PWR: What was the greatest challenge you faced as a teacher of writing this summer?

JOHN: These folks are super busy. They are enrolled in one other class, AND they are doing workouts every morning before our class. Most days, they do weight training again in the afternoon. It takes a little time to know what their limits are. And then, just as you get a sense of it, many of the students have started to adjust to the heavy load and have worked out a schedule they’re comfortable with. Everybody is arriving at that place at a different time. It’s similar to how you have to get a feel for people’s schedules during the year, but the time frame is much more condensed.

ERIK:  I’m so used to helping students develop RBAs that I had to adjust to the more modest but still challenging and worthwhile goal of helping students develop their research projects up to a point—but not as far as an essay. I was relieved when students seemed fine with this.

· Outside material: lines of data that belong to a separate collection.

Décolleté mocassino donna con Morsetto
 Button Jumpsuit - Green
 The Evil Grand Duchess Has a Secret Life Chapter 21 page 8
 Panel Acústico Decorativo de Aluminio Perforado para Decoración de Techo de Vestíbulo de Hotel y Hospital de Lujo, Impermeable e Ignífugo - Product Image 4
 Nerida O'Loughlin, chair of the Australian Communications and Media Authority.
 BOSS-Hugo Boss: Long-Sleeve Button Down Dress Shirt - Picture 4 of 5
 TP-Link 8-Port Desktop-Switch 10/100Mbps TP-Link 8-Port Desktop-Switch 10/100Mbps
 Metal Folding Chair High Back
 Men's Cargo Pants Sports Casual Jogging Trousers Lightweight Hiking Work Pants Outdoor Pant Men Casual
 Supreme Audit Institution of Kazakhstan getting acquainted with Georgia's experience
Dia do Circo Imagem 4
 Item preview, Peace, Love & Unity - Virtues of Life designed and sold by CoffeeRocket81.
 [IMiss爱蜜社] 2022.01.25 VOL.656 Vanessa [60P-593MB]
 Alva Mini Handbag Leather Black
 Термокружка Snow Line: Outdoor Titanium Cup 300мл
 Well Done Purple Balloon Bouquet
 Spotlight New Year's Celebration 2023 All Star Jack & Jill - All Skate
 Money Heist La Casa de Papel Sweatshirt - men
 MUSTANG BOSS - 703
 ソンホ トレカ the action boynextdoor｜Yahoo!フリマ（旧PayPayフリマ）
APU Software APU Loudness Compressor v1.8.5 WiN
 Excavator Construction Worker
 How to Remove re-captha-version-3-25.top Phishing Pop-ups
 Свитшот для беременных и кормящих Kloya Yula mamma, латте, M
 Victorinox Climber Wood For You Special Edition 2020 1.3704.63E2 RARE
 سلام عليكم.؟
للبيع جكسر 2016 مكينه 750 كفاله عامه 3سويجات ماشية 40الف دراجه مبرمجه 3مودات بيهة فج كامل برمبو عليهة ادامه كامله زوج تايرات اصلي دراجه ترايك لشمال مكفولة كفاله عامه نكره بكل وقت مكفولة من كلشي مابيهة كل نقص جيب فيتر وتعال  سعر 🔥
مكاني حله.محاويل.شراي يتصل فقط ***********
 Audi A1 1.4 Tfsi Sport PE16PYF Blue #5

Rather than feeling as if they hadn’t seen a project through to completion, they seemed pleased with their new research skills and psyched about future research projects—a good outcome, I’d say.

PWR: If you had to write a metaphor or an analogy for your experience teaching your specific summer class, what would it be? 

JOHN: It’s really fun to work with people who are used to working with coaches. That “coaching” metaphor is often used by writing teachers or tutors to describe their work. In this case, these are all top athletes who have been working with coaches all through high school and even earlier. They understand why it’s helpful to have a coach – and why coaches challenge them to go outside their comfort zones. That collaborative learning environment pushes me to try new things too.

ERIK: I felt like I was helping students sketch with a small set of brush pens, versus fine-tuning masterpieces with a giant assortment of colored pencils. This summer I’ve been drawing photos of musicians for a personal deck of playing cards. As a non-artist, I’m actually proud of my meticulous attempt to capture Bill Evans sitting at the piano. But that drawing required many shades of colored pencil and took forever to complete—the proverbial RBA of the deck. Meanwhile, I drew the lead singer of Rolling Blackouts Coastal Fever pretty quickly with brush pens. In PWR 1a, students worked hard and accomplished a lot, essentially working with brush pens to capture their scholarly conversations and emerging ideas in broader strokes.